• _Provided material_:
↓

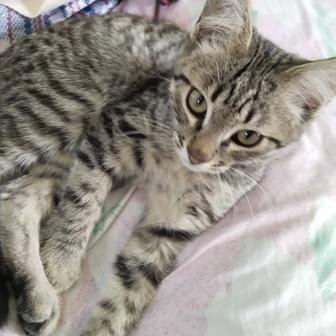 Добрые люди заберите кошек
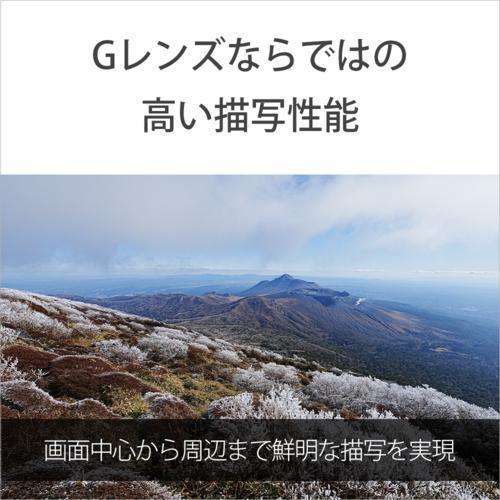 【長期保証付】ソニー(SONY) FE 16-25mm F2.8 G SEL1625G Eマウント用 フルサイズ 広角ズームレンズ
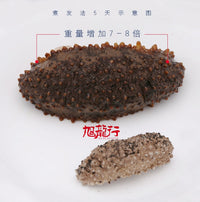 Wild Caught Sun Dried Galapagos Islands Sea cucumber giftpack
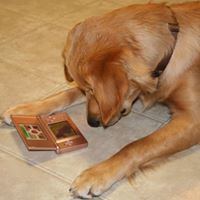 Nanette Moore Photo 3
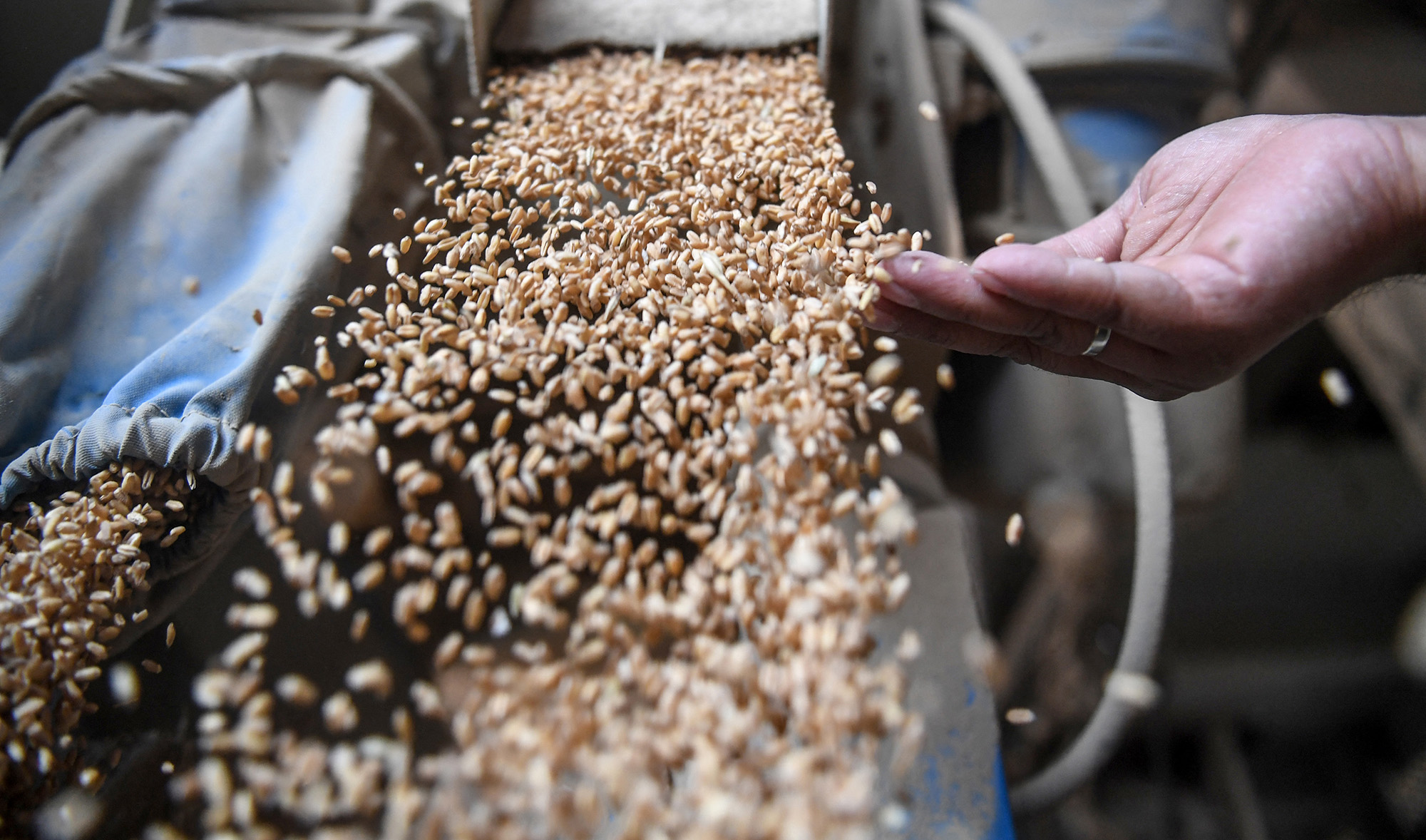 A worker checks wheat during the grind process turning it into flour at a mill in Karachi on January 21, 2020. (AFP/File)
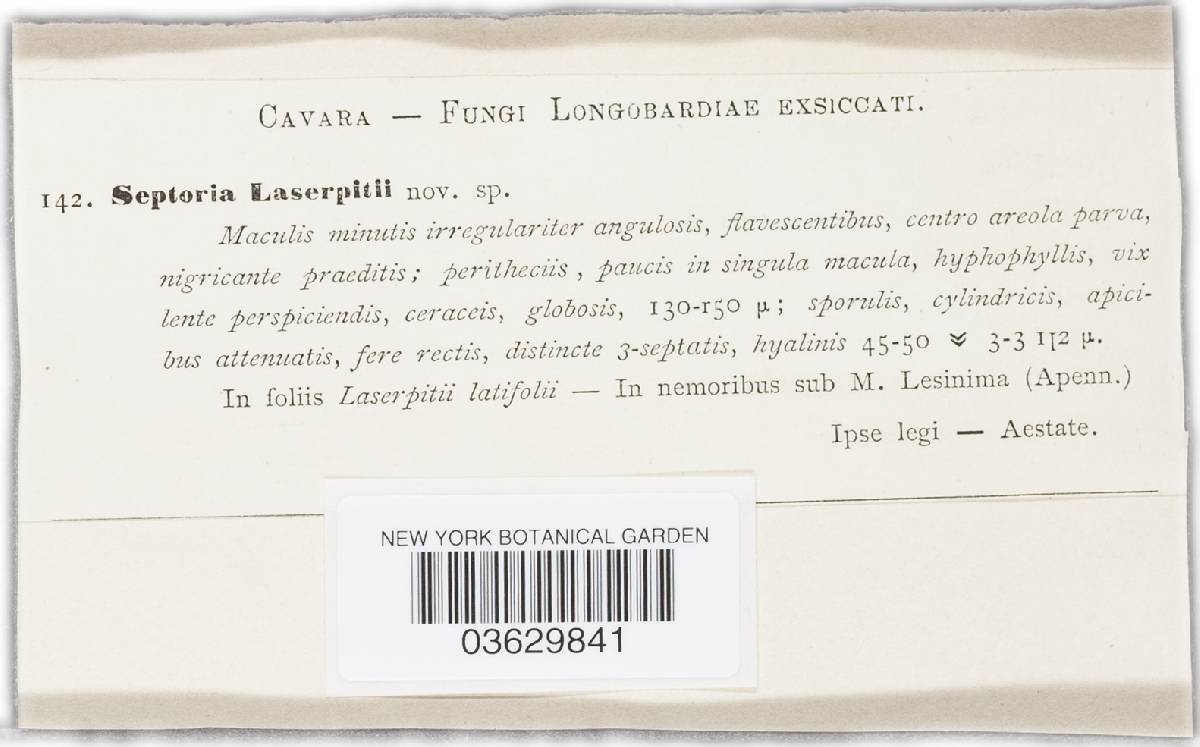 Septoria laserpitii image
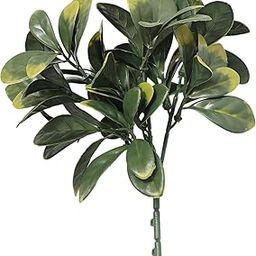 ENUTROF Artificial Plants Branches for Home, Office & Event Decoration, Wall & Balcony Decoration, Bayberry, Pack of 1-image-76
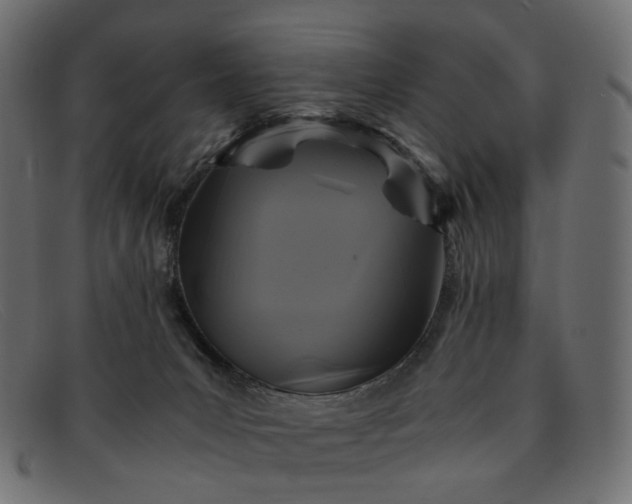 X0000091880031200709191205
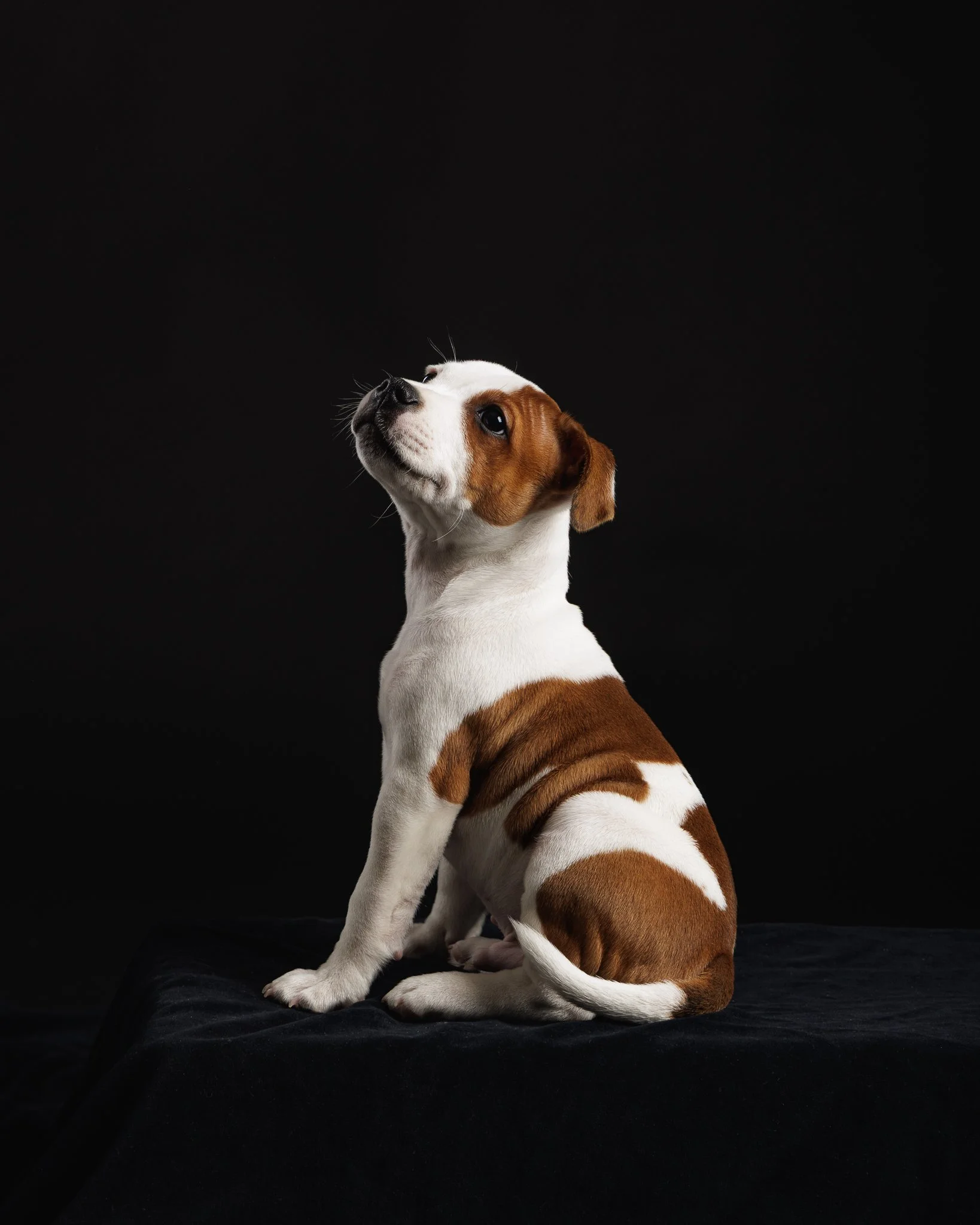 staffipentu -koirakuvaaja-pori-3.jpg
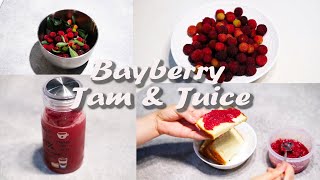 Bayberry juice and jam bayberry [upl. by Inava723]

↑

• _What this task involves_: Line by line, output the material above exactly, passing over the pictures.

• _The answer_:
 Добрые люди заберите кошек
 【長期保証付】ソニー(SONY) FE 16-25mm F2.8 G SEL1625G Eマウント用 フルサイズ 広角ズームレンズ
 Wild Caught Sun Dried Galapagos Islands Sea cucumber giftpack
 Nanette Moore Photo 3
 A worker checks wheat during the grind process turning it into flour at a mill in Karachi on January 21, 2020. (AFP/File)
 Septoria laserpitii image
 ENUTROF Artificial Plants Branches for Home, Office & Event Decoration, Wall & Balcony Decoration, Bayberry, Pack of 1-image-76
 X0000091880031200709191205
 staffipentu -koirakuvaaja-pori-3.jpg
 Bayberry juice and jam bayberry [upl. by Inava723]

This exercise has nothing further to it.